Required action: Leave out the pictures and repeat the data exactly.

Input data:
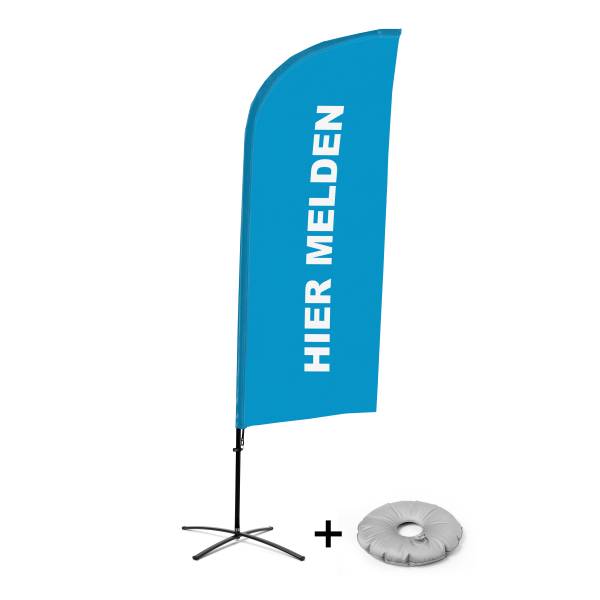 Beachflag Alu Wind Komplett-Set Hier Anmelden Blau Niederländisch Kreuzständer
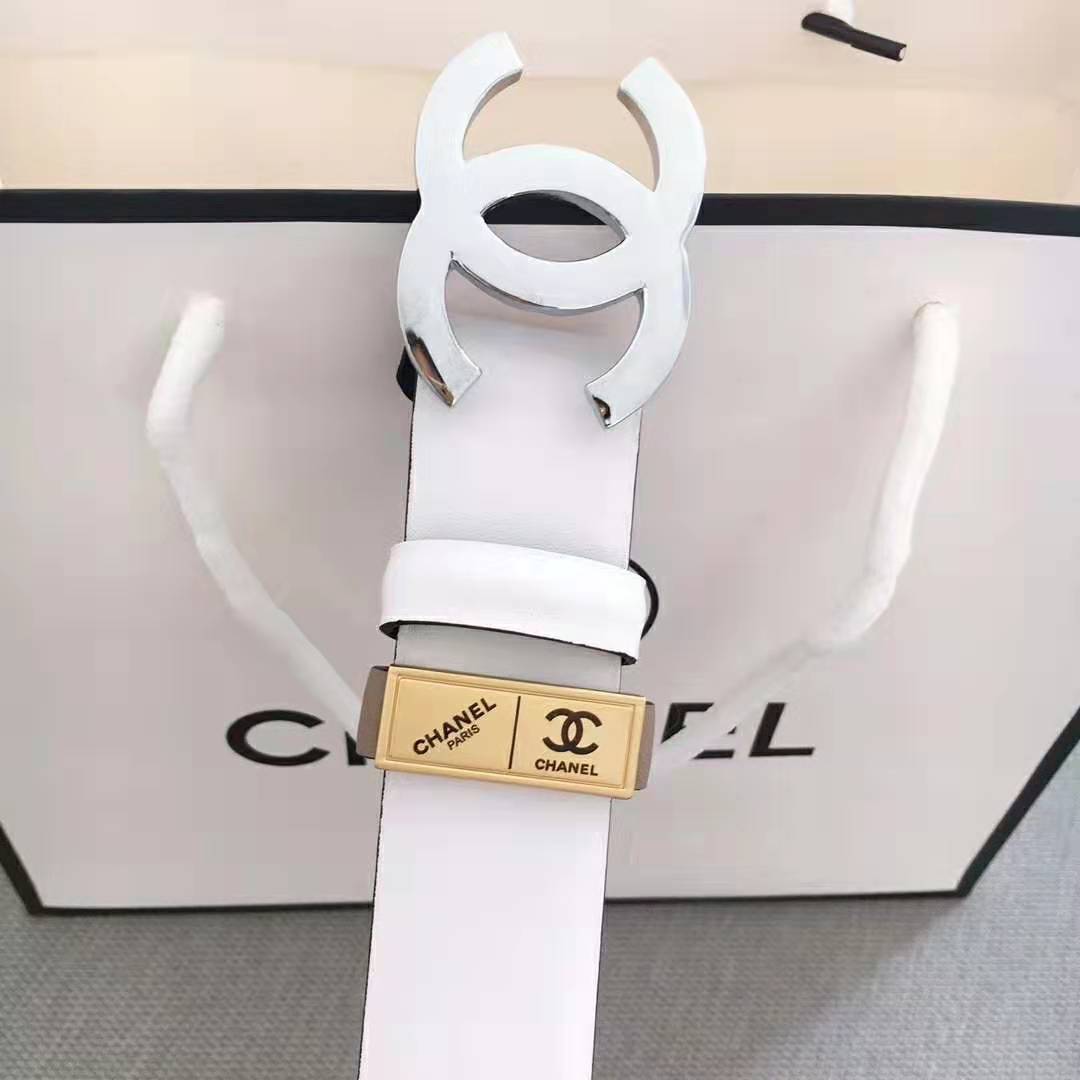 chanel white belt bag black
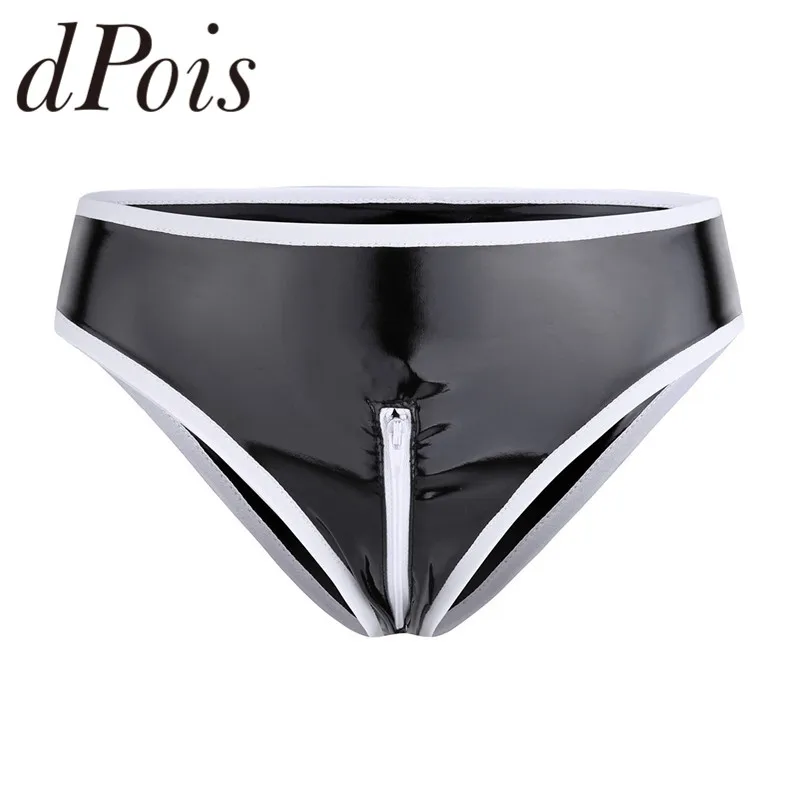 Женское сексуальное нижнее белье из лакированной кожи с белой отделкой на молнии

Exercise response:
 Beachflag Alu Wind Komplett-Set Hier Anmelden Blau Niederländisch Kreuzständer
 chanel white belt bag black
 Женское сексуальное нижнее белье из лакированной кожи с белой отделкой на молнии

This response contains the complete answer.